Once upon a time we’ve all devoured a whole pack in a single sitting, but do you remember the last time you ate the onion-flavored rings?
I sure don’t.
Your dog does though. Somehow it made its way to the back of your cupboard and found the last package of Funyuns in your home like it was Jesse Pinkman.
Never mind that it’s probably expired- Can dogs even eat Funyuns?
It would seem unlikely that they are a suitable food for dogs, given that they are meant to replicate onion rings and are high in fat and sodium. All three of these qualities are usually pretty big negatives when it comes to canines.
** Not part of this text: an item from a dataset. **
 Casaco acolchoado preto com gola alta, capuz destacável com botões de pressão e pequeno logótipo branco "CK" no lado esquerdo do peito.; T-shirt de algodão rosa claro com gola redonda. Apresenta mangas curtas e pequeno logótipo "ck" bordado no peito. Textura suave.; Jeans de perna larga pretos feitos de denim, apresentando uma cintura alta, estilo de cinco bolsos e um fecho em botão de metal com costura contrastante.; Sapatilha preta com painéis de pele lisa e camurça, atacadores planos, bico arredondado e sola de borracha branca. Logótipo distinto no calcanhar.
Like with Sunchips, one or two chips aren’t likely to cause too many problems, but it doesn’t take too many more than that for them to become potentially dangerous to a dog’s health.
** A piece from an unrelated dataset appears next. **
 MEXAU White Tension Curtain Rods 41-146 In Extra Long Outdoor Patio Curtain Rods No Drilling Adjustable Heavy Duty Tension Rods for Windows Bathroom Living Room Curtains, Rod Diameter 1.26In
Just to be sure, we’re going to do a deep dive on Funyuns and their possible effects on dogs. Read on!
According to Frito-Lay, the very company that makes the snacks, Funyuns are, “A deliciously different snack that’s fun to eat, with a crisp texture and zesty onion flavor.”
Instrumental in that description is the keyword, “onion flavor”. While Funyuns were modeled after the popular fried onion rings, the chips themselves are actually made out of fried cornmeal with no whole onions involved.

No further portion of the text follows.